There’s no question the U.S. auto market is rebounding. Total sales have risen 50 percent since the peak of the automotive industry crisis in 2009, to about 15.6 million units last year. This year, total passenger car and light vehicles sales are expected rise between 3 percent and 6 percent, according to the latest estimate from General Motors Co. (NYSE:GM).
But according to a report releases Tuesday, the retail auto market is changing in such ways that dealerships might begin to feel a real pinch on pretax profits if the current number of dealerships remains the same.
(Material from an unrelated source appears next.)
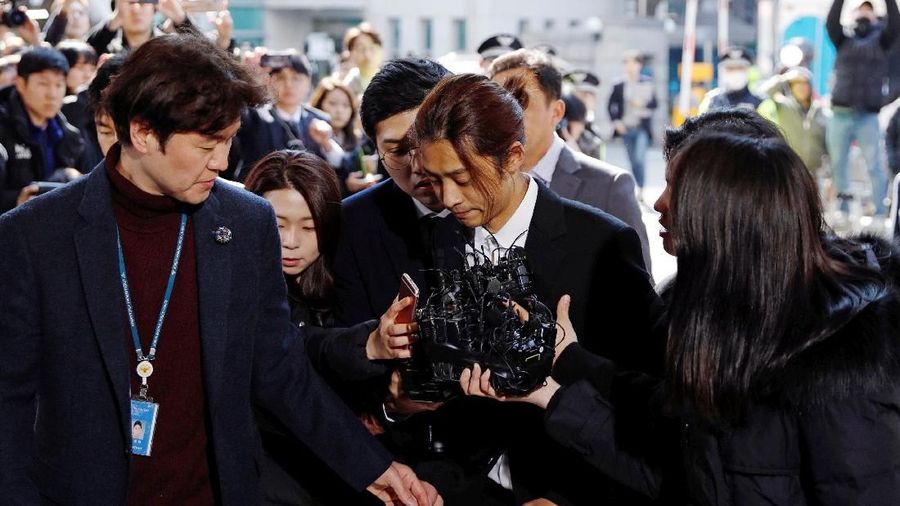 Seungri dan Jung Joon Young diinterogasi hingga belasan jam oleh kepolisian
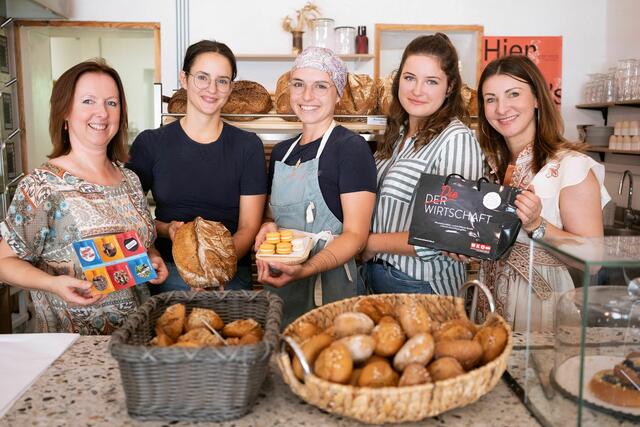 Zu Besuch im Hefehaus. Es gibt Brot &amp; Süßes. | Foto: Alexander Wieselthaler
"We believe – contrary to popular opinion – that things are not as positive as they seem," says Thomas F. Wendt, partner in the North American automotive practice at Roland Berger Strategy Consultants, a Munich-based global consulting firm. "In our view, the massive consolidation of the recent past was not the end, but the beginning of the change needed for dealers to maintain healthy profit levels and for OEMs to transform their distribution networks."
This transformation basically means that, according to the report, the given current auto-retail pretax profit margin of 2.2 percent some significant consolidation will have to take place. Such consolidation would reduce the number of independent dealers and increase the number of dealership networks. In other words: fewer dealerships and more dealership chains.
The National Automotive Dealers Association estimates that 2013 pretax profit margins will be flat compared to the previous year, at 2.2 percent. That’s down slightly from 2.3 percent in 2011 but up from 1 percent in 2008 when dealers had to slash prices to lure consumers in a year that ended with the U.S. entering an 18-month economic recession. (Margins actually ticked up to 1.5 percent during the recession.)
This is good news for a retail operation where margins are typically paper thin, but Roland Berger says the bounce back may be temporary thanks to the following factors: - Consumers are gravitating toward smaller cars, which are less profitable thank luxury cars, SUVs and pickup trucks.
- Service and after-sale revenue, the money dealers make from maintenance services, as independent mechanics continue to take market share
- The internet is creating a smaller automotive marketplace and consumers have more car-hunting tools at their disposal. More dealers are competing with each other in this climate.
There are already about 18 percent fewer dealerships than there were before the 18-month recession that kicked off in December 2007, thanks largely to the steep cuts made to Detroit 3 dealership franchises amid a crisis that sent GM and Chrysler into Chapter 11 reorganization.
But Roland Berger suggests these factors could force more shutdowns and consolidations in the U.S. automotive dealer’s market. As many as about 22 percent of dealerships are at risk, it says, that could cost about 200,000 jobs over the next six years.